“A tarefa da policia é bater no povo”, diz delegado chinês aos populares indignados

    “A tarefa da polícia é bater no povo”, berra o delegado a cidadãos desarmados que protestavam indignados contra a violência sofrida.

    Vozes femininas berram: “devolva meu celular”. A confusão é tão grande que o tradutor não consegue acompanhar.

    O fato foi gravado em Suzhou, na província chinesa de Jiangsu, tendo o vídeo ‘viralizado’ vertiginosamente, atingindo milhões de visualizações na Internet.

    “Se a polícia não bate no povo, para que vamos mantê-la?” – pergunta ameaçadoramente o delegado. “A polícia e o governo são máquinas violentas”, acrescenta, numa tentativa de dispersar os cidadãos indignados.

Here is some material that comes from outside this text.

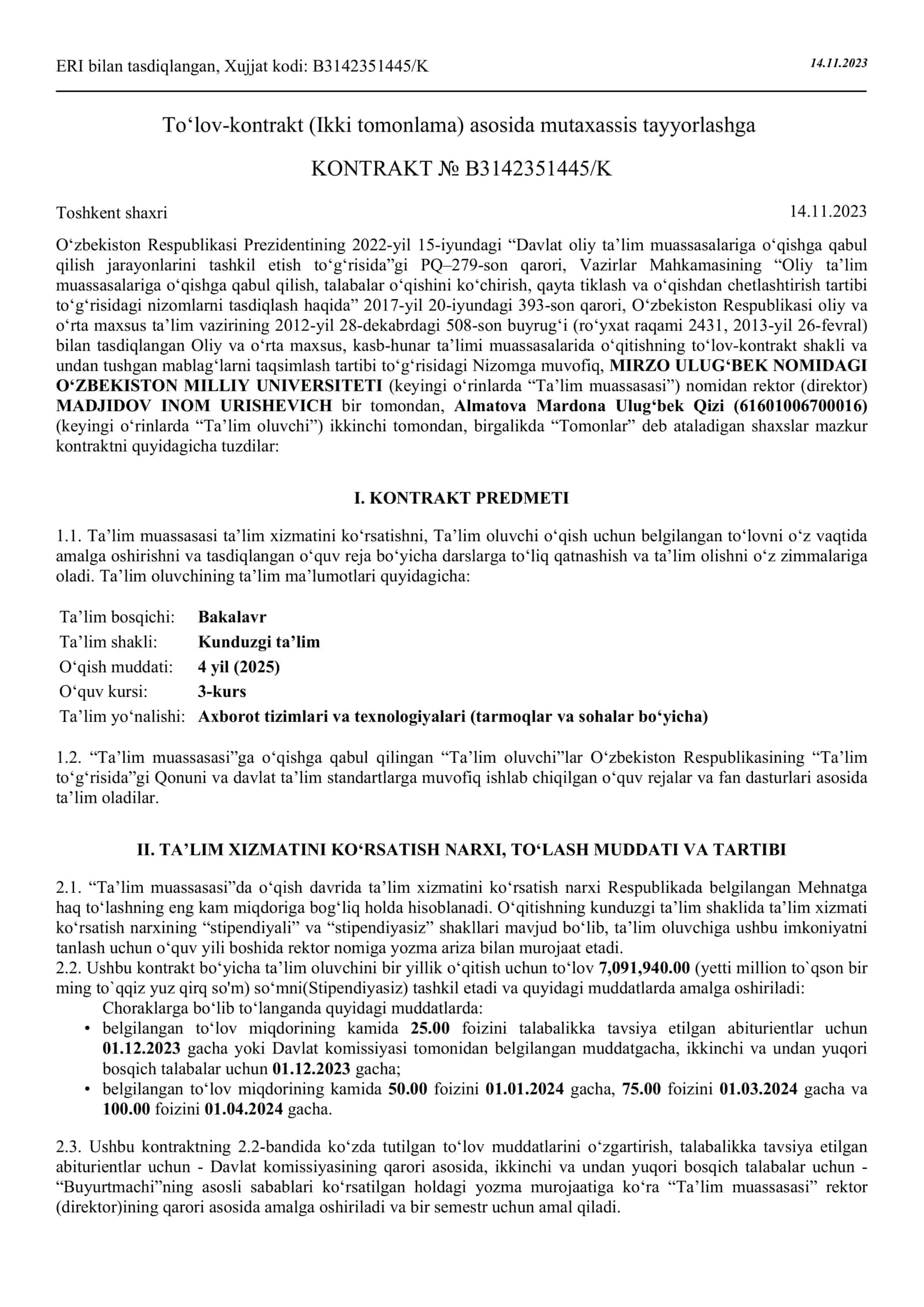 Olam. Quyosh sistemasi, sayoralar, asteroidlar, kometalar, meteor jismlar 1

    “Devolva meu celular”, volta a bradar a mulher e a gritaria fica maior. Os rodapés em inglês no vídeo são do “South China Morning Post”, o mais antigo jornal de Hong Kong, ligado ao “The Wall Street Journal”.

    “Nós dizemos a verdade. Os policiais são os assassinos [a mando] do governo”, escrevia um cidadãos chinês no microblog Weibo (equivalente chinês do Twitter).

    O caso filmado teria começado quando um residente foi apresentar queixa na delegacia, mas a imprensa oficial silencia ex oficio os detalhes das ocorrências prejudiciais ao regime.

    O “Nanfang Daily”, jornal oficial do Partido Comunista em Guandong, tentou abafar o caso com a orwelliana desculpa de que o delegado havia sido enviado para “refletir profundamente” sobre as imprudências que falou.

    A violência policial é defendida nos livros escolares na China, e os manuais de treinamento ensinam aos oficiais que “a polícia é o instrumento do governo para praticar a violência”, explica Vicky Feng, jornalista residente em Hong Kong.

    Nas redes sociais o argumento oficial foi objeto de riso de reprovação. Um fato tão escandaloso não se resolve com “reflexão” como num convento de freiras, mas com uma “investigação profunda” dos fatos.